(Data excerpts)
---

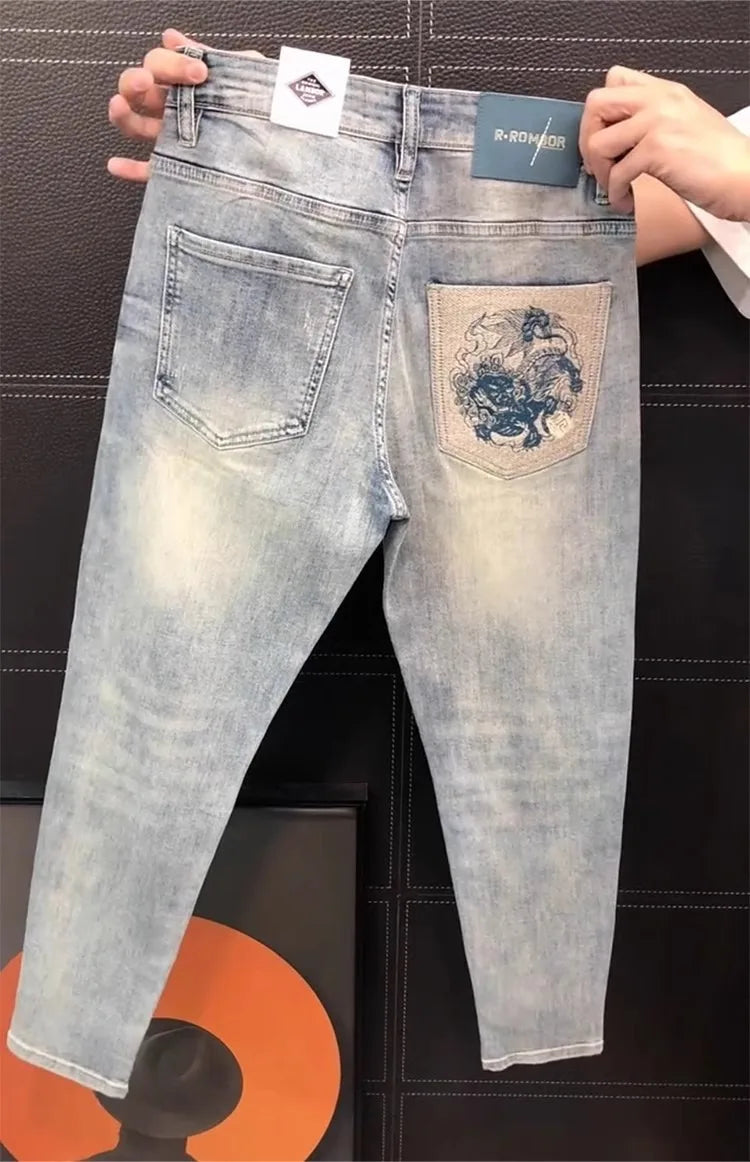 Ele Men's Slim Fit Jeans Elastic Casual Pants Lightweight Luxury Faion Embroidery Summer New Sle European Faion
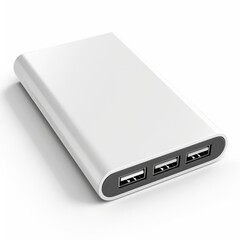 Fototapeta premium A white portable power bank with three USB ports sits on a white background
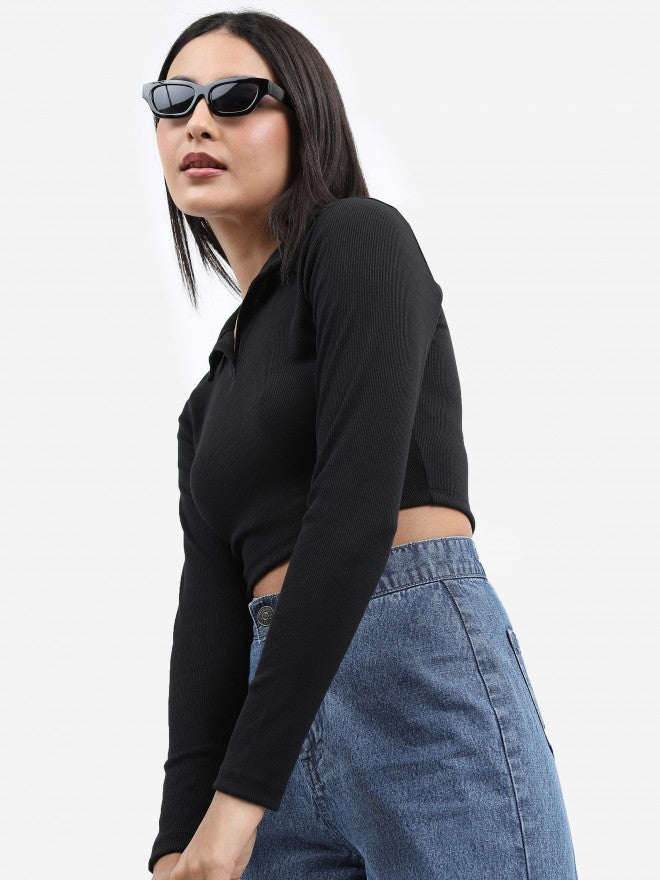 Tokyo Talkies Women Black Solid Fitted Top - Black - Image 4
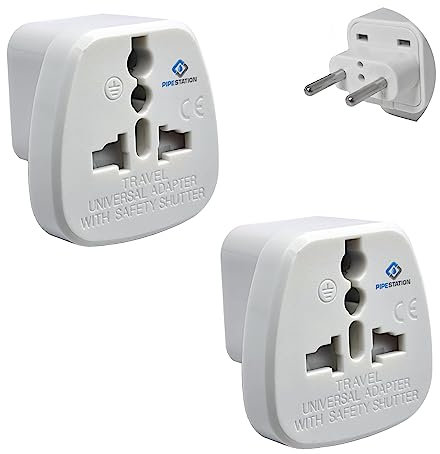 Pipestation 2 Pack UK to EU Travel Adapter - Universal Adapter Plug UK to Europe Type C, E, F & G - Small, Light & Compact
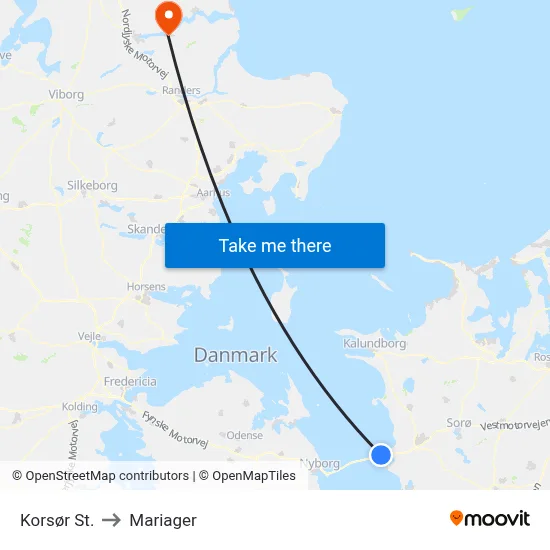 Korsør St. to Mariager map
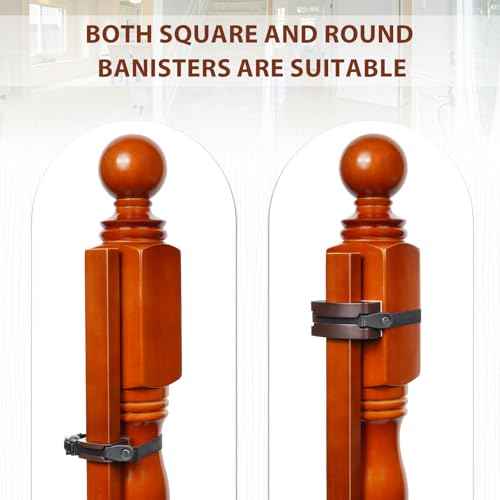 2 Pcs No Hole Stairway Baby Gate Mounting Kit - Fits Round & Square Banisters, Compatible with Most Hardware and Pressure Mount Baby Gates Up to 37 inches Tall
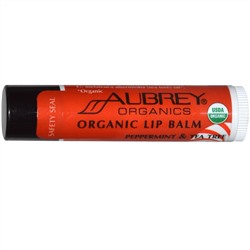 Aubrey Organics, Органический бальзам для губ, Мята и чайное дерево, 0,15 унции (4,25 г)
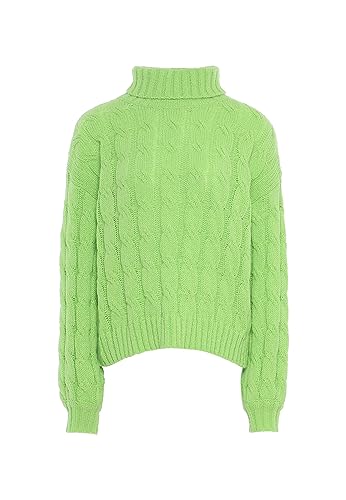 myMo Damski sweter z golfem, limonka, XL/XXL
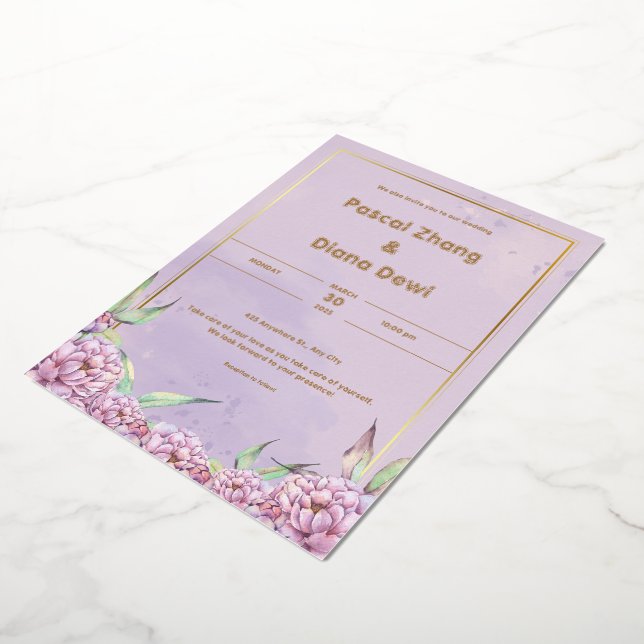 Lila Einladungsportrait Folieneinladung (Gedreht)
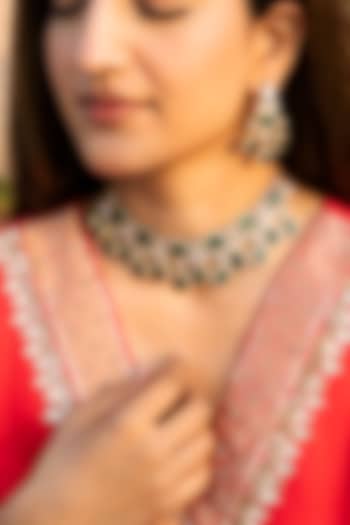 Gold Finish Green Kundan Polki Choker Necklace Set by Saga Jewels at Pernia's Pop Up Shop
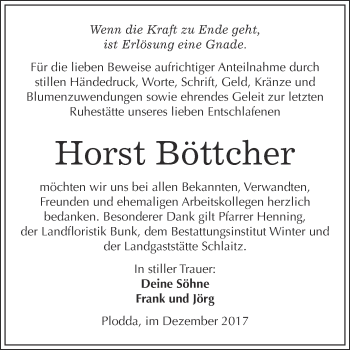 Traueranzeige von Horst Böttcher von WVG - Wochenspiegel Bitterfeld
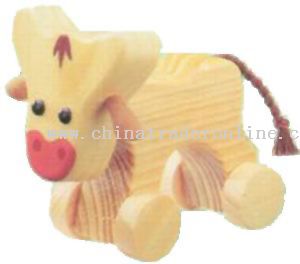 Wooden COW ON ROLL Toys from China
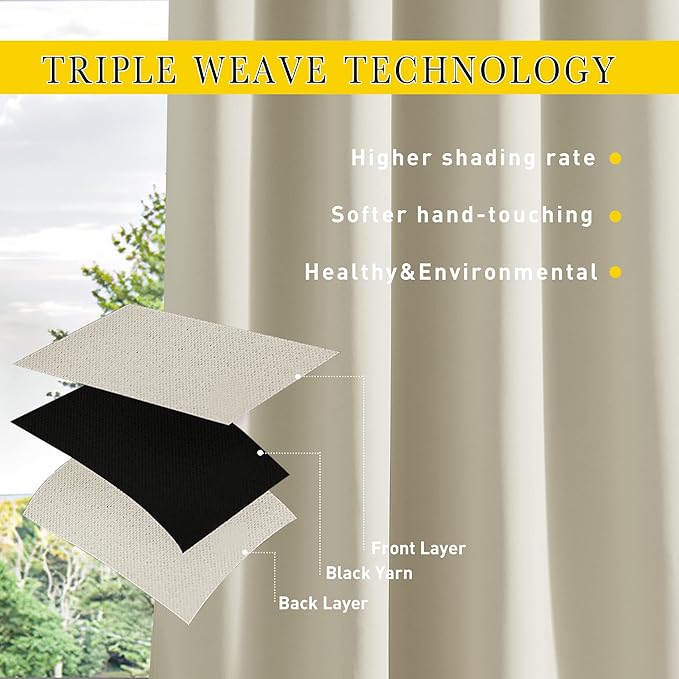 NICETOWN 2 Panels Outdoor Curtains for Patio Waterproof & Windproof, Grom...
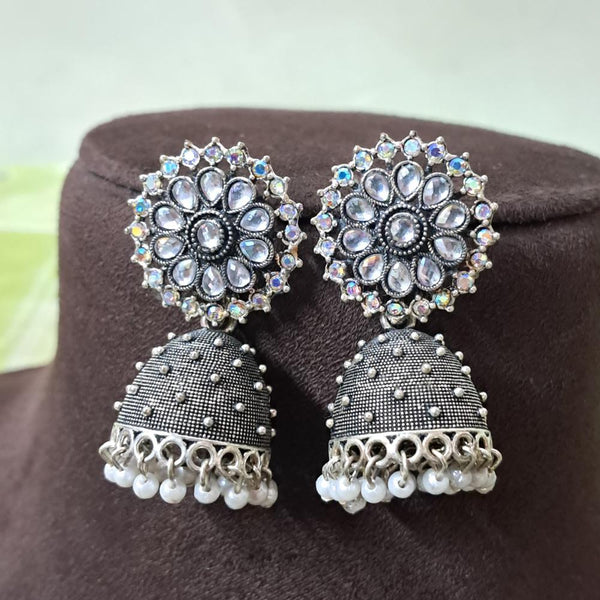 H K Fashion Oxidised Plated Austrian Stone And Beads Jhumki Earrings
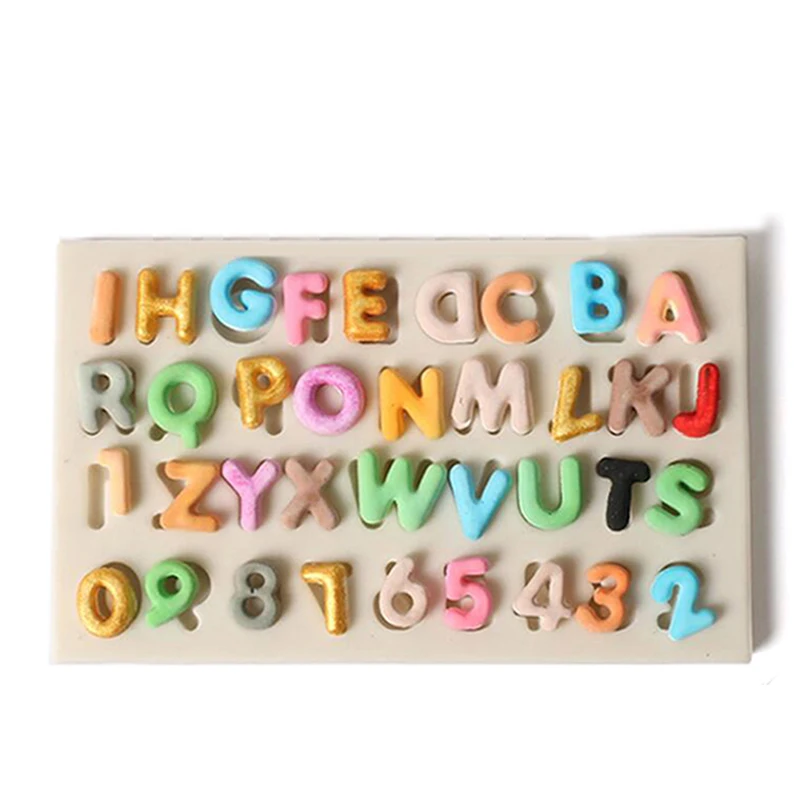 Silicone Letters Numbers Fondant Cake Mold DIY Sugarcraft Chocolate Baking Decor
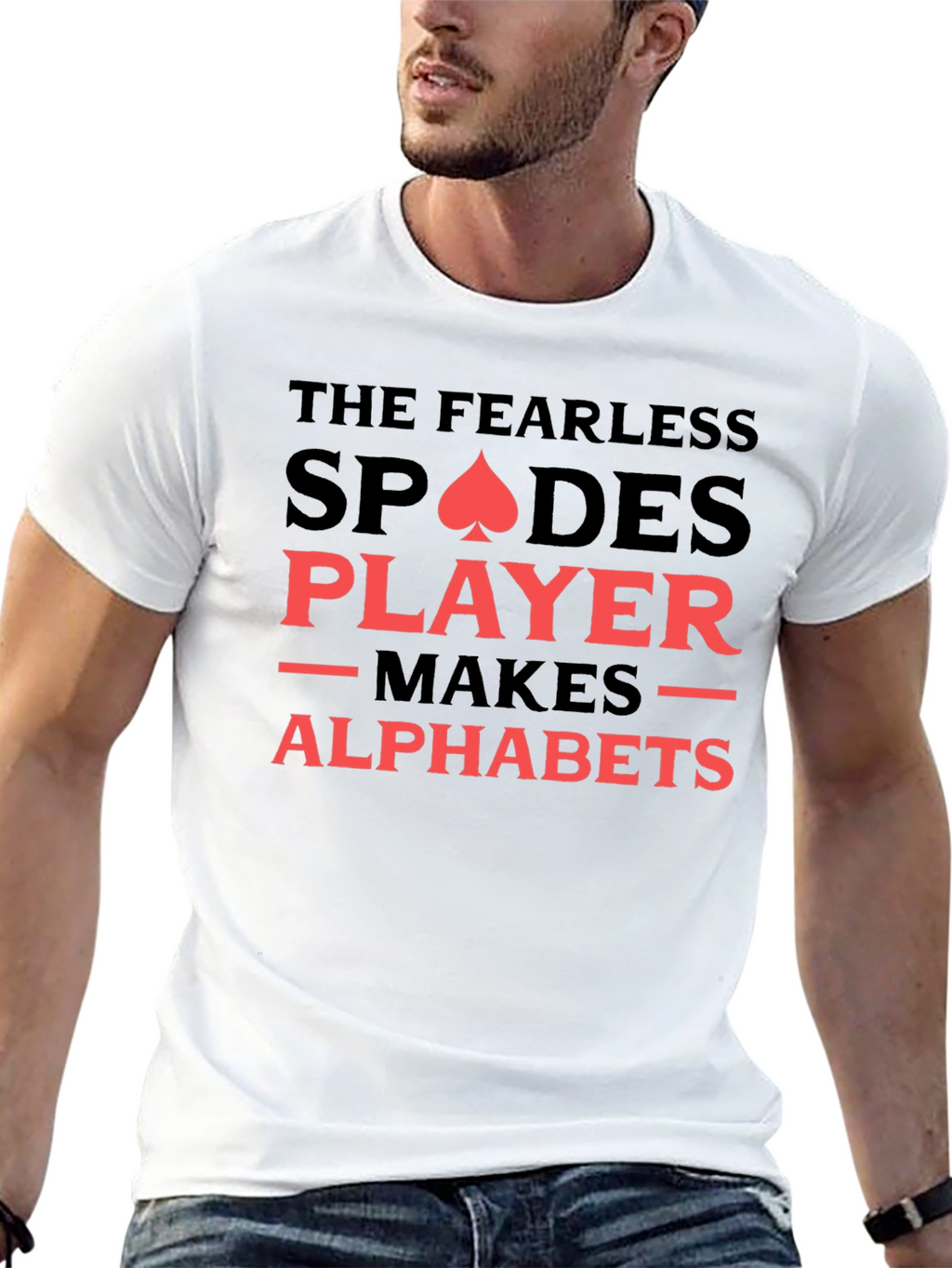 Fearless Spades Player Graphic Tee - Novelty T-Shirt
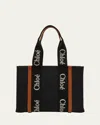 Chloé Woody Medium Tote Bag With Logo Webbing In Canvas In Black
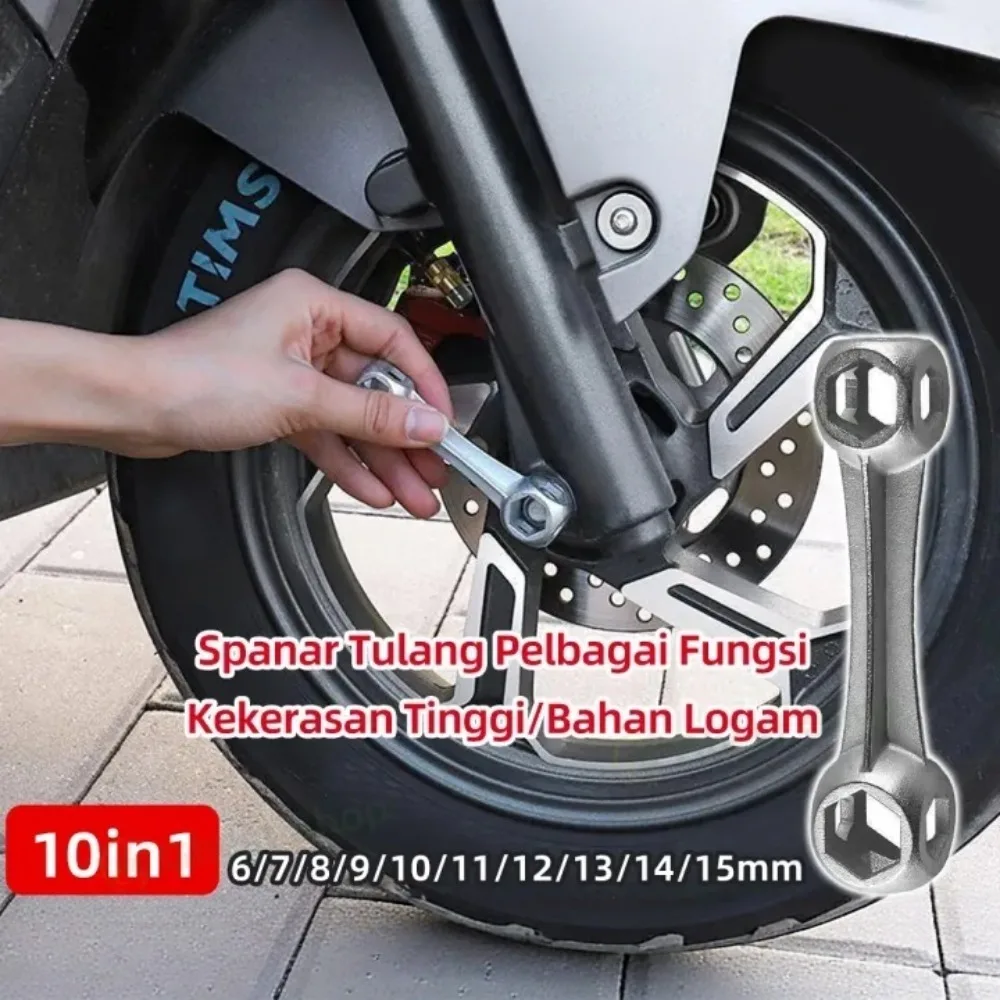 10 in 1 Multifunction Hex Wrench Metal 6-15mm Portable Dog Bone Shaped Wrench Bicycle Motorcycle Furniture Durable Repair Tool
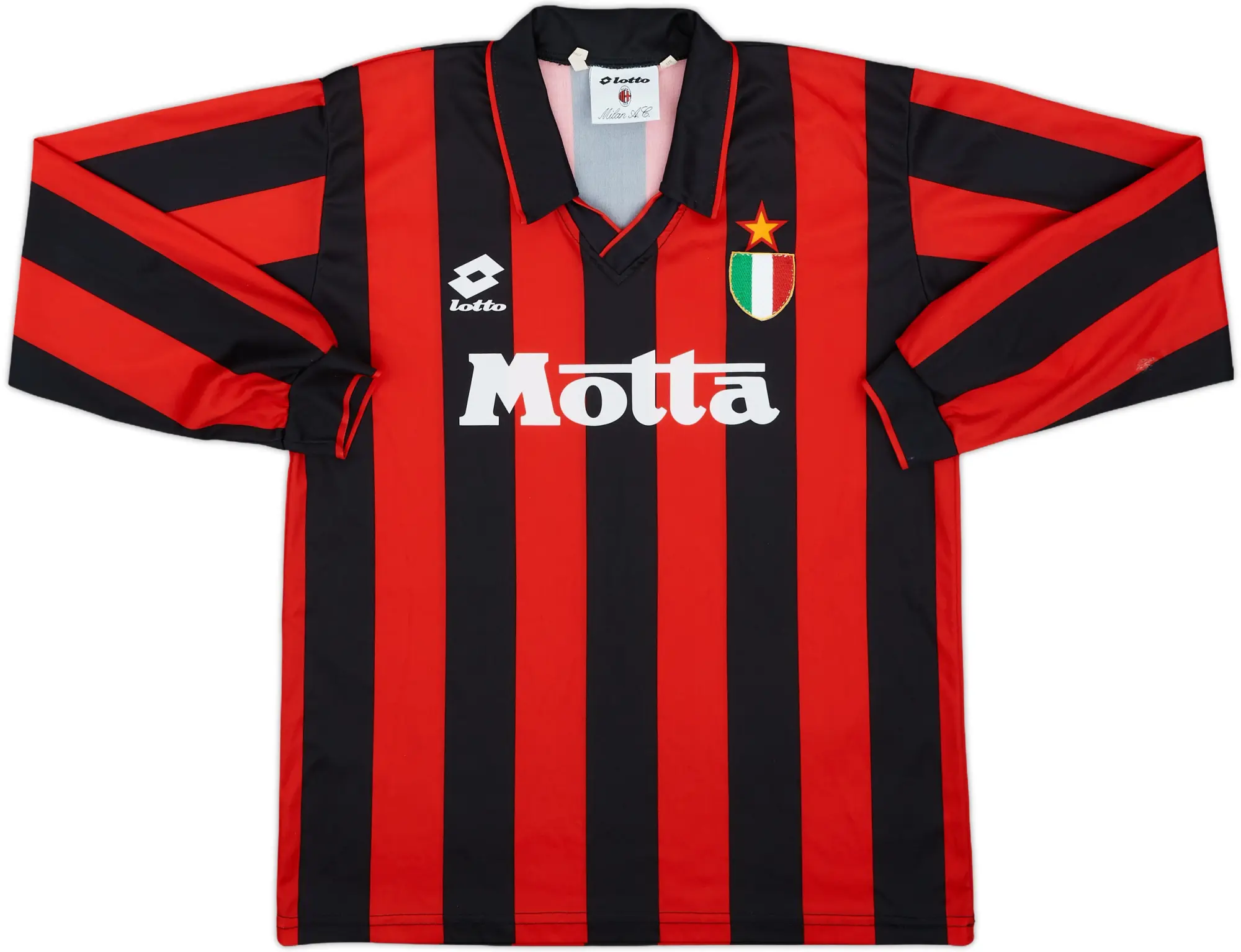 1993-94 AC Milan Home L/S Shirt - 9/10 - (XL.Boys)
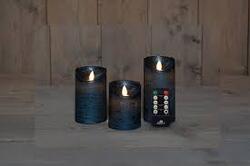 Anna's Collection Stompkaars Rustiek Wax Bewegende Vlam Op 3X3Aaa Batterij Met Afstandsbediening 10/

---

◆ Description of the task ◆
Begin at the line with "10 in 1 Multifunction" and end at the last line of the data above. Reproduce those lines exactly, but not the pictures.

◆ Expected answer ◆
 10 in 1 Multifunction Hex Wrench Metal 6-15mm Portable Dog Bone Shaped Wrench Bicycle Motorcycle Furniture Durable Repair Tool
 1993-94 AC Milan Home L/S Shirt - 9/10 - (XL.Boys)
 Anna's Collection Stompkaars Rustiek Wax Bewegende Vlam Op 3X3Aaa Batterij Met Afstandsbediening 10/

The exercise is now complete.